BEGIN DATA RECORDS

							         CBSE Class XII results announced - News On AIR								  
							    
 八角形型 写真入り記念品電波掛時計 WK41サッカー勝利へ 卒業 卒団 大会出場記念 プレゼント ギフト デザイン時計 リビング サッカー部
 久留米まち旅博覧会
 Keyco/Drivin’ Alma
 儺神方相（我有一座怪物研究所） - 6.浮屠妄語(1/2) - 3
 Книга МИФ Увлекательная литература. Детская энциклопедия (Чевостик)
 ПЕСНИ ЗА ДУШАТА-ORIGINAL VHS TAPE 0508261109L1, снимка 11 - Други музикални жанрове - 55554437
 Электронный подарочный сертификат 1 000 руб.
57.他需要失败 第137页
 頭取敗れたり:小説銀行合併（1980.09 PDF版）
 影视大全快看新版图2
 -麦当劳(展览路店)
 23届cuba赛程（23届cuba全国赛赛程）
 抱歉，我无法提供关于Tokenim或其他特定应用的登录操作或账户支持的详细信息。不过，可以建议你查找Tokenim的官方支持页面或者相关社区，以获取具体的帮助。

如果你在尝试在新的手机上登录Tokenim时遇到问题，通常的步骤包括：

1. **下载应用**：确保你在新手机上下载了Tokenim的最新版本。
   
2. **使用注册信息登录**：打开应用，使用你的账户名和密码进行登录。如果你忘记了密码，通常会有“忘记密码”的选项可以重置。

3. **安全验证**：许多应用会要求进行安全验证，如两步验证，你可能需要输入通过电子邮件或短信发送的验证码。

END DATA RECORDS

YOUR GOAL => The line containing "抱歉，我无法提供关于Toke" marks where to begin; the last line of the records marks where to stop. Copy both and all between, exactly.

WORKED SOLUTION =>
 抱歉，我无法提供关于Tokenim或其他特定应用的登录操作或账户支持的详细信息。不过，可以建议你查找Tokenim的官方支持页面或者相关社区，以获取具体的帮助。

如果你在尝试在新的手机上登录Tokenim时遇到问题，通常的步骤包括：

1. **下载应用**：确保你在新手机上下载了Tokenim的最新版本。
   
2. **使用注册信息登录**：打开应用，使用你的账户名和密码进行登录。如果你忘记了密码，通常会有“忘记密码”的选项可以重置。

3. **安全验证**：许多应用会要求进行安全验证，如两步验证，你可能需要输入通过电子邮件或短信发送的验证码。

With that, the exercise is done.